*** Opening of Material for the task ***

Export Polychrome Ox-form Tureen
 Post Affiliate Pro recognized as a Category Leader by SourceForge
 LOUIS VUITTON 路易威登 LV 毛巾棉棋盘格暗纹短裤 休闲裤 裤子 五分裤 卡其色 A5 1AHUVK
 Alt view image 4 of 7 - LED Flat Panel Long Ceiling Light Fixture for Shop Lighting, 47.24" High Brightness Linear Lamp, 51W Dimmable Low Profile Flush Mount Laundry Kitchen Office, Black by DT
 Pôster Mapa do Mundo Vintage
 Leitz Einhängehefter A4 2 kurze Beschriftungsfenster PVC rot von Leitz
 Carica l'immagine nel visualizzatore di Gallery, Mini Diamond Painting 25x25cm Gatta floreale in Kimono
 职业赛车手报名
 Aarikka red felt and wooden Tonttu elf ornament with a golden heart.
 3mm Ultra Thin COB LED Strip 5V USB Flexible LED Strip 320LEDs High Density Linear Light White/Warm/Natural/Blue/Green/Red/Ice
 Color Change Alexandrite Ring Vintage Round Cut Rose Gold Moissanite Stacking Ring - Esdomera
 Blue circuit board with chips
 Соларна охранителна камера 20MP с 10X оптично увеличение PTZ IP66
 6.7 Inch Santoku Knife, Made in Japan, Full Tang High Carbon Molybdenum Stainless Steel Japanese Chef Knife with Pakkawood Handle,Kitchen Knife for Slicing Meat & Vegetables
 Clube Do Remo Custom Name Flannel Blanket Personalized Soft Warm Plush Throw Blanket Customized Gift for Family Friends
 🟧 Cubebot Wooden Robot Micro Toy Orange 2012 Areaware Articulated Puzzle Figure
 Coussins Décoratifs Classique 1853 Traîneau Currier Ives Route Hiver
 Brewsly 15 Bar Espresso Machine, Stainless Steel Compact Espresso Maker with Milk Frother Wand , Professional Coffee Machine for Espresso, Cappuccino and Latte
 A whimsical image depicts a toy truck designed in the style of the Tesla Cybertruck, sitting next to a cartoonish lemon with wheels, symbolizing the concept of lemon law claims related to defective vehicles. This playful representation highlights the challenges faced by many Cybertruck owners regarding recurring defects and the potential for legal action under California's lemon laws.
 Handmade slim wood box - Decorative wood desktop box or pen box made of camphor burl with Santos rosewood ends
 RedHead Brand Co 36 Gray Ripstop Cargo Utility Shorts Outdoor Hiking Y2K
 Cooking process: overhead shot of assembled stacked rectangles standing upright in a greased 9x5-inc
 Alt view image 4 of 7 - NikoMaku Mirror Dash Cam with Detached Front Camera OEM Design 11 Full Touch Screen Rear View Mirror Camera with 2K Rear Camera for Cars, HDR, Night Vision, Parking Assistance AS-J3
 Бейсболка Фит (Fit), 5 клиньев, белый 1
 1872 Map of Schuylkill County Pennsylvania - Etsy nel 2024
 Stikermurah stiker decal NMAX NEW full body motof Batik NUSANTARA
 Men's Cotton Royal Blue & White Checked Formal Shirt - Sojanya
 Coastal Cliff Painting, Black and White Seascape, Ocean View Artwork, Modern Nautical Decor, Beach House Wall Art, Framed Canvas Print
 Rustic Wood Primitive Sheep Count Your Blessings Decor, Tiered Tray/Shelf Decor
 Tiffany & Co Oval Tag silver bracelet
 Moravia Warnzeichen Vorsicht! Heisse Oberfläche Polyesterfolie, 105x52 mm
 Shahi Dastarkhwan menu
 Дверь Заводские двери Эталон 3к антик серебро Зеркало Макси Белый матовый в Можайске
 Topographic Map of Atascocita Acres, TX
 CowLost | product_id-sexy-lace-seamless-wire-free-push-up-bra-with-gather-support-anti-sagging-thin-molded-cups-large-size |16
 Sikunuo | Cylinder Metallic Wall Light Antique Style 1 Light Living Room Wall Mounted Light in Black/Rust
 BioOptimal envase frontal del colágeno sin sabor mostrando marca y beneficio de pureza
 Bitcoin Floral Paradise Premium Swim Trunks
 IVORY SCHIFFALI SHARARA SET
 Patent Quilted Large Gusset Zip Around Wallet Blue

*** Close of Material for the task ***

Exercise instructions -
Looking at the data above, return every line from the one with "Blue circuit board with chips" down to the one with "6.7 Inch Santoku", exactly and inclusively.

The completed task -
 Blue circuit board with chips
 Соларна охранителна камера 20MP с 10X оптично увеличение PTZ IP66
 6.7 Inch Santoku Knife, Made in Japan, Full Tang High Carbon Molybdenum Stainless Steel Japanese Chef Knife with Pakkawood Handle,Kitchen Knife for Slicing Meat & Vegetables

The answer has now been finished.